My Mental Rorschach
Tonight was curriculum night for my younger son’s 3rd grade class. We heard the Head of School and Lower School principal give stirring talks describing the wonderful, liberal, open-minded, curious and intelligent children they have the privilege of educating, and listened to their teachers speak about the curriculum used to challenge and inform their young, fertile minds. I’ve been to 11 of these (7 for my older son, 4 for my younger son), and each one leaves me excited, inspired and happy for my children, the entire school community and the world. These are the kind of citizens I want running our country in 30-40 years.
As part of this exercise, parents were asked to do something that our kids do several times a week - sit down and write, non-stop, for five minutes. About anything, without specific direction. Not necessarily prose, but thoughts. I don’t know if you’ve ever done this - I know I haven’t. And you know what popped into my mind? A stream of thoughts concerning the markets. Here is my mental Rorschach from 7pm this evening:
- The financial markets stink
- Bank stock prices down 25%+
- The European Central Bank is confused, and their U.S. counterpart is no better
- Consumer sentiment is plummeting
- Investors, big and small, are heading for the sidelines
- The big question: to stay in the markets and ride it out, or bail before the next big leg down?
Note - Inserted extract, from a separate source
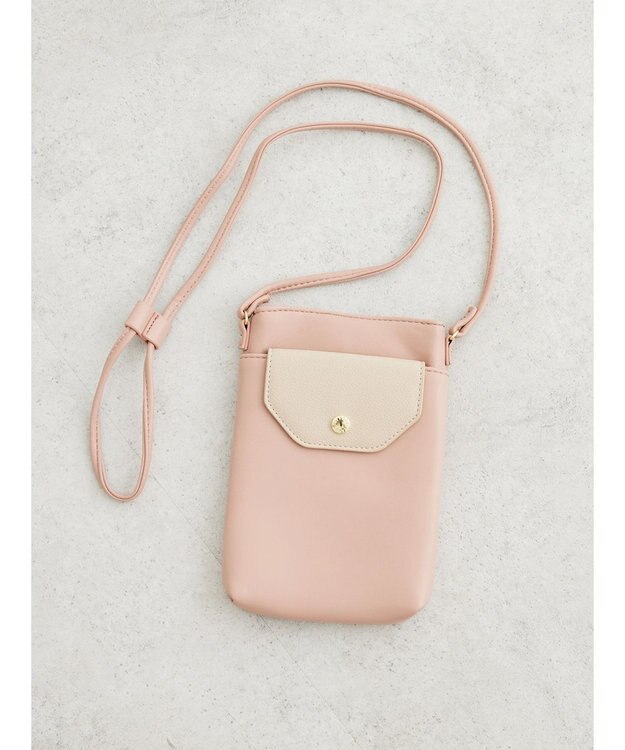 Green Parks ・別注　Ｌｅｇａｔｏ　Ｌａｒｇｏ　ミニショルダーバッグ Pink Beige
- The conundrum: the global stock and bond markets are heavily driven by sentiment, and negative sentiment just exacerbates the decline which further worsens sentiment. So why not focus on improving sentiment as the vehicle for repairing the financial markets?
- People, wealthy and less so, are scared
- The feeling is pervasive
- Trust is in short supply
- This doesn’t feel like a transient decline
If this is what’s rattling around my conscious mind, I’d hate to see what lives behind the curtain. 5 minutes and a pencil is all it took to find out what is really going on inside my head. I only wish that someone had stolen my pencil.